## Aim of the exercise
From the records below, set down exactly the lines starting with the line that contains "Elie Saab プリント シフォンドレス Metallic" and going on through the line that contains "14k Gold Bracelet". Nothing else is wanted.

[Extracted records]
%%
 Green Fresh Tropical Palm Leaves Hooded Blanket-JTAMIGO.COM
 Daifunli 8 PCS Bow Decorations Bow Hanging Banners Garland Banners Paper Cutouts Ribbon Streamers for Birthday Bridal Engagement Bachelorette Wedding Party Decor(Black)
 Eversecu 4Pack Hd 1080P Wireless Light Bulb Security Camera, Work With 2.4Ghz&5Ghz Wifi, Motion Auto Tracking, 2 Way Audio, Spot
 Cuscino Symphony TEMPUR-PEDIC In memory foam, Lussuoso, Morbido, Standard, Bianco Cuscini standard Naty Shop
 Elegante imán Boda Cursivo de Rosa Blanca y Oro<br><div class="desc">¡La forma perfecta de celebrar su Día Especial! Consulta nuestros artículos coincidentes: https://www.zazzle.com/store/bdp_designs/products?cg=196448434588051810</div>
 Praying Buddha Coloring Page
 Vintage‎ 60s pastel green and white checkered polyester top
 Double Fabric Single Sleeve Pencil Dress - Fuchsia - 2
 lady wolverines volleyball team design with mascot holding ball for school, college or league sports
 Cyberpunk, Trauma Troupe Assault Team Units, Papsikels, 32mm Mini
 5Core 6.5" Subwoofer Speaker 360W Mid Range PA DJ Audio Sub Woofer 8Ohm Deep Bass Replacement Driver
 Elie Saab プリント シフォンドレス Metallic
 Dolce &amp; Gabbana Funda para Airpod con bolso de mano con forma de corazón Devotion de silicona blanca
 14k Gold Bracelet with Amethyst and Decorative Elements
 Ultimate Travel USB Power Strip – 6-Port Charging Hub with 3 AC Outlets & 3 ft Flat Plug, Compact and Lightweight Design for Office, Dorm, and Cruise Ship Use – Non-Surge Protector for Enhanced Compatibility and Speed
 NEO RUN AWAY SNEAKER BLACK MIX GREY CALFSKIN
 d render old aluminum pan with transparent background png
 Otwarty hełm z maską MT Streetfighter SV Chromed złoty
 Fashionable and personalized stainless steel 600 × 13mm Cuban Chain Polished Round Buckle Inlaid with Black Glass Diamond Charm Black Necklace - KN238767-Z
%%
## Finished task
 Elie Saab プリント シフォンドレス Metallic
 Dolce &amp; Gabbana Funda para Airpod con bolso de mano con forma de corazón Devotion de silicona blanca
 14k Gold Bracelet with Amethyst and Decorative Elements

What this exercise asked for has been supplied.